As part of the MAC (Modeling Across the Curriculum) project, we are engaged in iterative software and curriculum design of Connected Chemistry, (Levy, Bruozas & Wilensky, 2003; Stieff & Wilensky, 2003), a modeling and simulation package designed to help secondary and undergraduate students learn chemistry. Connected Chemistry is implemented in the NetLogo (Wilensky, 1999) agent-based modeling environment and enables students to come to see observed macro- level chemical phenomena as resultant from the interactions (on a micro- and submicro- level) of many individual "agents". This emergent perspective is especially appropriate to the study of chemistry, as processes such as melting and evaporation and the concepts of pressure and temperature result from molecular interactions, which students cannot observe directly. The interactions between multitudes of molecules on the atomic level give rise to macro-level phenomena.

Over the past two years, we have conducted research on high school and undergraduate students learning with Connected Chemistry. In this paper, we report on secondary chemistry students engaged with a scripted Connected Chemistry activity, using two levels of scaffolding ("high" and "low") in the computerized scripts. The topic of these Connected Chemistry model-based scripts is ideal gases. A particular topic addressed in the script is the relationship between the behavior of (a changeable number of) particles in a rigid box and the total pressure that they exert.
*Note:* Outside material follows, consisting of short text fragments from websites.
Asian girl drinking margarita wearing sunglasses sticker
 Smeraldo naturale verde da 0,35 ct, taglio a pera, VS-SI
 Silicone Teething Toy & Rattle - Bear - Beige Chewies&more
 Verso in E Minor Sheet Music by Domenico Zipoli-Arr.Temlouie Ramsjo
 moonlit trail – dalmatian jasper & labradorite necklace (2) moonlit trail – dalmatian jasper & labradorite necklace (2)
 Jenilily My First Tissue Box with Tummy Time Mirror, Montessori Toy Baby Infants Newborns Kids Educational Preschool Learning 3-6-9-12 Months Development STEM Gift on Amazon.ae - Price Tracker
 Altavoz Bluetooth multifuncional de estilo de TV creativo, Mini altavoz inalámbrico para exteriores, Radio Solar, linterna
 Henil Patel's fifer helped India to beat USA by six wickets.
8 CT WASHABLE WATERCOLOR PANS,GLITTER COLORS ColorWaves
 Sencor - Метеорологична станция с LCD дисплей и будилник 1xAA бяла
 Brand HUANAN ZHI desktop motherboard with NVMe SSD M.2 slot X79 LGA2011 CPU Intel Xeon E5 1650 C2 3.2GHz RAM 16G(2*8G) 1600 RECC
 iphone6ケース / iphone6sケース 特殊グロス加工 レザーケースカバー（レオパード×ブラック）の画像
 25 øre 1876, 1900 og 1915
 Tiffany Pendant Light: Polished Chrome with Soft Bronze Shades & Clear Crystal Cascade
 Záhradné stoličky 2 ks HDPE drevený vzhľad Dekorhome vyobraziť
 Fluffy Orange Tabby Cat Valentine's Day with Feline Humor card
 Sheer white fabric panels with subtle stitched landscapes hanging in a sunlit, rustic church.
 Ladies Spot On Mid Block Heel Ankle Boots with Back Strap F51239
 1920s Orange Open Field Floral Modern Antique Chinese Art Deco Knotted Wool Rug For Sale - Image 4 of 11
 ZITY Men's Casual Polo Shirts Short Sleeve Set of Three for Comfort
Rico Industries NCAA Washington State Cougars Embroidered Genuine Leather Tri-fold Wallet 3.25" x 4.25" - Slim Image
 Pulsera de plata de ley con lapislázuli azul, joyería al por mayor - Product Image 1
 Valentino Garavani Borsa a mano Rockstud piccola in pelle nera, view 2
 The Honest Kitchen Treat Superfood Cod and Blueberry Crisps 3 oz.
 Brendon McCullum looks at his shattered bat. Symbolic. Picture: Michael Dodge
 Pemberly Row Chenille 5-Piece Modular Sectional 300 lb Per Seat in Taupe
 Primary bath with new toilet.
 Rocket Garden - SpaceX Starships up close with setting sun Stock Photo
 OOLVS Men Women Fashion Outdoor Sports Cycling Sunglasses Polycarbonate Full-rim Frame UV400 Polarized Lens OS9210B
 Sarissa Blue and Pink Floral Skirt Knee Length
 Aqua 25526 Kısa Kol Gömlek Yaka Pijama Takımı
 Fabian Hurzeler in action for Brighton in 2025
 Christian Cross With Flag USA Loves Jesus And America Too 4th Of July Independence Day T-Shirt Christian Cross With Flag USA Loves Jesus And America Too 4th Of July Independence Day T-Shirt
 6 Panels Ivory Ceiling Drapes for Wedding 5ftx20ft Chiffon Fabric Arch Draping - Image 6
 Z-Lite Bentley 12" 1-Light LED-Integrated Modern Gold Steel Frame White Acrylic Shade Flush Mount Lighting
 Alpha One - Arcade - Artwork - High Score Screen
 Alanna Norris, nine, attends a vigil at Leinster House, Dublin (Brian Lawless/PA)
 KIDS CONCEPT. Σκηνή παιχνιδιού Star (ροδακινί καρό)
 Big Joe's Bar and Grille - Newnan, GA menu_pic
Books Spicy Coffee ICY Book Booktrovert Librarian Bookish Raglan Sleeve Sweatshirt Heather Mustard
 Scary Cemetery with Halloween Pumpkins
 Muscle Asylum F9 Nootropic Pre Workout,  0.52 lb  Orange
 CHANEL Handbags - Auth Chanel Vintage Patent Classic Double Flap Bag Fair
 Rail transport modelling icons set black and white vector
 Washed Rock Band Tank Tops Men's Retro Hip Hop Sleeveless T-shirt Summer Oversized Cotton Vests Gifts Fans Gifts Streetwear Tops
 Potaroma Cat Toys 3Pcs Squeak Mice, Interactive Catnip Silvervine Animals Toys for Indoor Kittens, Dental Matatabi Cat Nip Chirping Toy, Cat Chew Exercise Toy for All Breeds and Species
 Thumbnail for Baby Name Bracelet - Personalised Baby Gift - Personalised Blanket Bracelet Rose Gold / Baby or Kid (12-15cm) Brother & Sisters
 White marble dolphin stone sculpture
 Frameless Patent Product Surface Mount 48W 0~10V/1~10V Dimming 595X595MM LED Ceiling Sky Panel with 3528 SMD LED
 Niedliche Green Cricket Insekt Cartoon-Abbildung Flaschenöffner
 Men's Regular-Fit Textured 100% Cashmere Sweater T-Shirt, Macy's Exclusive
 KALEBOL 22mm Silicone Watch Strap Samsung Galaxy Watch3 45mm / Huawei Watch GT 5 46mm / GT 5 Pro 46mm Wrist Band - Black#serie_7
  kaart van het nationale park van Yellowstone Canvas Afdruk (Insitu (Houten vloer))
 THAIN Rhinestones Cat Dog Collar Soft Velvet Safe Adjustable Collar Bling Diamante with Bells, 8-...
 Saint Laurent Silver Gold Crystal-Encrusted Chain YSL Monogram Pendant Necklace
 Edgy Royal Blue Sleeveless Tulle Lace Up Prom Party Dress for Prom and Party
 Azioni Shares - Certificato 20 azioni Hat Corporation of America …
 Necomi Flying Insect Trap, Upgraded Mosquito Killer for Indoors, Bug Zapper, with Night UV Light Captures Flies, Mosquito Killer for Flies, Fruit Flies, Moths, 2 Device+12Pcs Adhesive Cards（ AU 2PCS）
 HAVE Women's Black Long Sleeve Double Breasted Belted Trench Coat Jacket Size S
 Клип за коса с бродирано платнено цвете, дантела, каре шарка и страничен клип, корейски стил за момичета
An interview protocol was developed, piloted with a few students, and successively refined, making sure that two variables could be tested: content knowledge and model exploration. The protocol included a pre-test and post-test, two intermediate interviews and observation categories. In this study, which is the first of a series of studies, two 10-student groups were matched for ability and gender. One group received the high scaffold scripts and the other group received the low scaffold scripts}. Each student was interviewed as they engaged with the Connected Chemistry script. The activity and interviews lasted 60-70 minutes. In addition to the videotaped interviews, data included students' written responses to script prompts during the activity, interviews before and after the intervention, field-notes, as well as observation of their manipulation of the model. Reliability was enhanced by triangulating among the multiple sources of information.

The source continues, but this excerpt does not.